Despite the fact that miRanda is designed for prediction of miRNA targets in animal genomes, it can be successfully used for the prediction of miRNA targets in viruses and plants34. In miRanda, a dynamic programming based local alignment is carried out between the query miRNA sequence and the reference sequence. The software uses a scoring system based on the complementarities of nucleotides, similar to the Smith-Waterman algorithm. This alignment scoring is based on sequence complementarity and not on sequence identity. In other words, it looks for A:U and G:C matches instead of A:A, G:G, etc. The G:U wobble pair is also permitted which are important for the accurate detection of RNA:RNA duplexes. In the second phase, the algorithm takes high scoring alignment, detected from phase 1 and estimates the thermodynamic stability of RNA duplexes based on these alignments. This second phase of the method utilizes folding routines from the RNAlib library, which is a part of the ViennaRNA package.
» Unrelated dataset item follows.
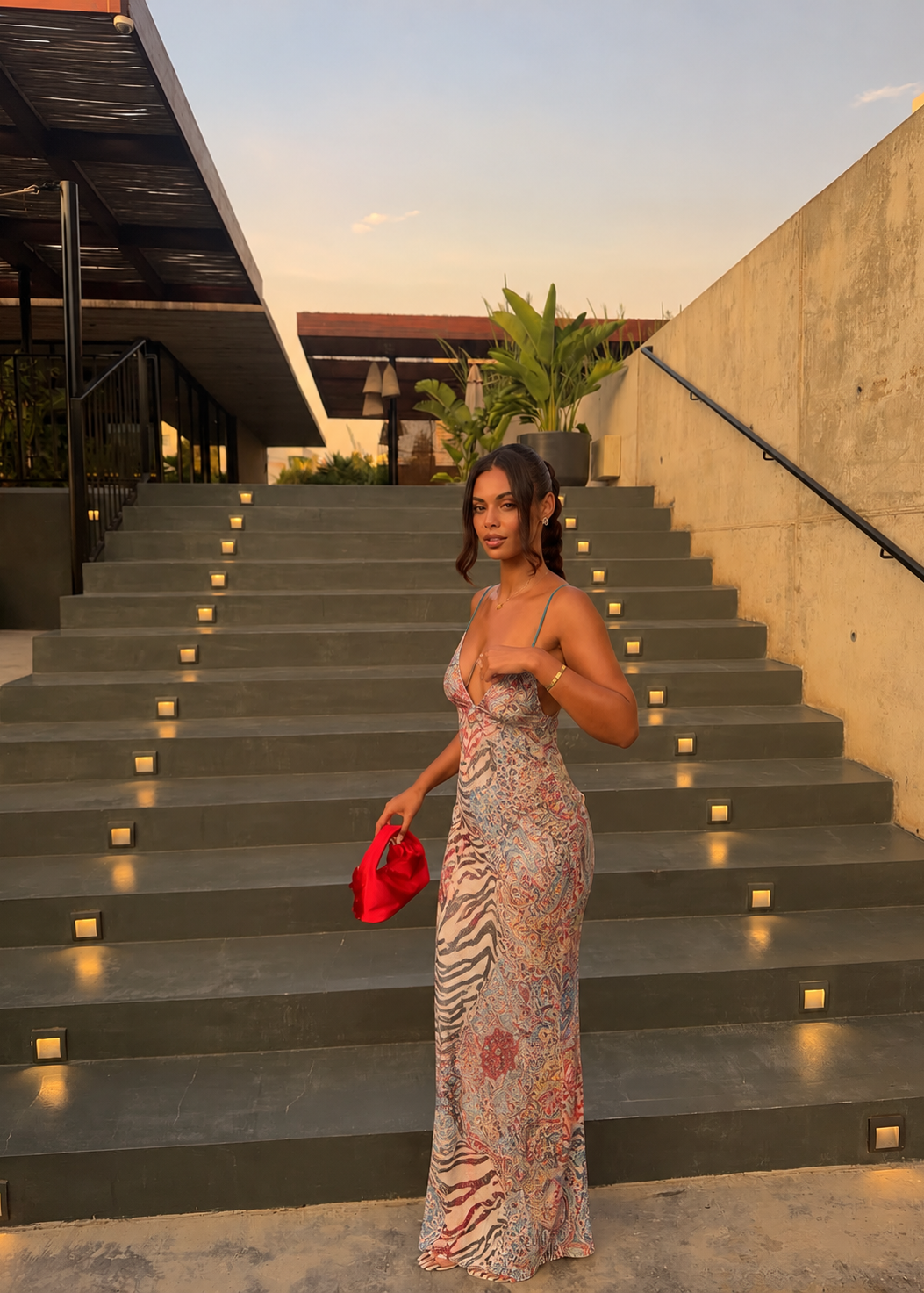 Romy Dress | Gilded Paisley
All the filtered pairs from the modified miRanda were considered as most likely to be true miRNA-target pairs. The position-specific nature of miRNAs binding to corresponding gene targets motivated us to design a tool which can give details of position specific targets too.
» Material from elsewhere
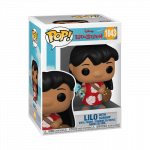 Žaislinė figūrėlė Funko POP! Disney Lilo & Stitch Lilo 1043, 9 cm, ruda sp./raudona sp.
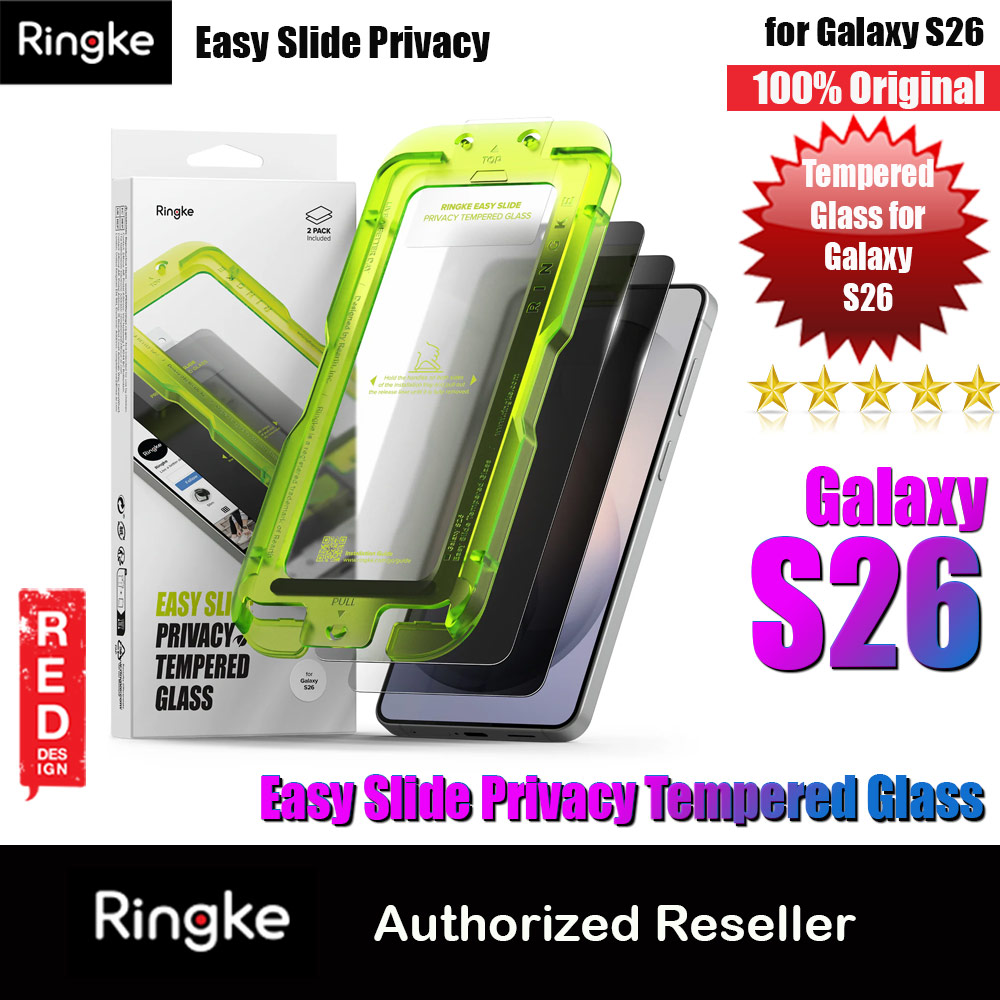 Picture of Ringke Easy Slide Tempered Glass Screen Protector for Samsung Galaxy S26 (Privacy Anti Peep) 2pcs Samsung Galaxy S26- Samsung Galaxy S26 Cases, Samsung Galaxy S26 Covers, iPad Cases and a wide selection of Samsung Galaxy S26 Accessories in Malaysia, Sabah, Sarawak and Singapore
The efficacy of predicted miRNA interaction is measured by parameters such as maximum sequence complementarity with target genes, query length and thermodynamically minimum hybridization energy between a miRNA and its target RNA. Position specific and positive results were extracted from miRanda outputs using an in-house Linux shell script. PAmiRDB entries are presented in a tab-separated format using a PERL script, combining information from the Genbank regarding target site along with target genes details.

PAmirDB database is implemented as a MySQL database, connected through PHP scripts to dynamically generate user-friendly HTML output for user-defined customized queries, supported by an Apache web server.